Kritik geht an die Stadt Baden
40 ukrainische Flüchtlinge mit dem Status S sind per 1. Februar 2024 in Ennetbaden gemeldet. In der Stadt Baden werden derzeit 164 Schutzsuchende aus der Ukraine betreut. In einem Fall engagierte sich Buckmann zudem in der Nachbargemeinde zusammen mit einer Unternehmerin aus Baden für eine Frau und ihr Kind. Und machte schlechte Erfahrungen. Er spricht von wochenlangen Wartezeiten nach Kriegsbeginn, unklaren Zuständigkeiten und mangelhafter Kommunikation. Eva Bühler, Leiterin Regionaler Sozialdienst der Stadt Baden, sieht das anders und antwortet auf die Anfrage der Redaktion: «Unsere Betreuungspersonen kümmern sich intensiv um die geflüchteten Personen und sind regelmässig vor Ort in den Unterkünften und Wohnungen. Bei dringenden Angelegenheiten sind sie über verschiedene Kanäle mündlich oder elektronisch erreichbar.»

Leben in ständiger Angst
Etwa 20 Stunden dauert die strapaziöse Busfahrt vom polnischen Warschau nach Kiew zurzeit. Auf einem Foto vom Aufenthalt im letzten Sommer posiert Olga vor einem Riesenrad. Keine Spur von Bomben und Drohnen. Nur wenig deutet auf Krieg hin. Läden und Restaurants sind geöffnet. Aber der Schein trügt. «Die Wirtschaft ist total zusammengebrochen. Unzählige Menschen haben keinen Job mehr. Die Preise in den Lebensmittelgeschäften sind explodiert. Männer trauen sich teilweise nicht mehr auf die Strasse, weil sie Angst haben, eingezogen zu werden», berichtet Buckmann von seinen Erlebnissen und Erfahrungen aus erster Hand. Schon mehrfach hat er Angriffe von Drohnen und Marschflugkörpern selbst erlebt, einen besonders heftigen im letzten Mai. «Wir hatten richtig Schiss und flohen in die Tiefgarage. Eine Situation, mit der Menschen vor Ort fast täglich konfrontiert sind.»

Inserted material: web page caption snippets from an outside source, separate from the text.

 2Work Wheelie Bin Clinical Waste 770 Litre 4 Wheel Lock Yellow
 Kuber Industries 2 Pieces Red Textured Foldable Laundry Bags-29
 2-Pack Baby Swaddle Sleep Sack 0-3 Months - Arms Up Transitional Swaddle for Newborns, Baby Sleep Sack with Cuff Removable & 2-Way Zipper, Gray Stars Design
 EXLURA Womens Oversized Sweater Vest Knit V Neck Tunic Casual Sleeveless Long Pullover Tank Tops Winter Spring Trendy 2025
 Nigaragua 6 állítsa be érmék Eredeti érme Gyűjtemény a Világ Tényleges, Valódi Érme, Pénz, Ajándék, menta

Von den 40 Ukrainerinnen und Ukrainern, die in Ennetbaden leben, konnte die Gemeinde bisher vier in die wirtschaftliche Selbstständigkeit entlassen. «Die meisten der 25 Menschen, die ich betreut habe, gehen wieder einer Beschäftigung nach», bestätigt ebenfalls Buckmann. Doch bleiben wollen längst nicht alle. «Viele zieht es aus Heimweh, familiären Gründen oder wegen wirtschaftlicher Zwänge in ihre Heimat zurück. Selbst wenn die Umstände dort weiterhin extrem schwierig sind.»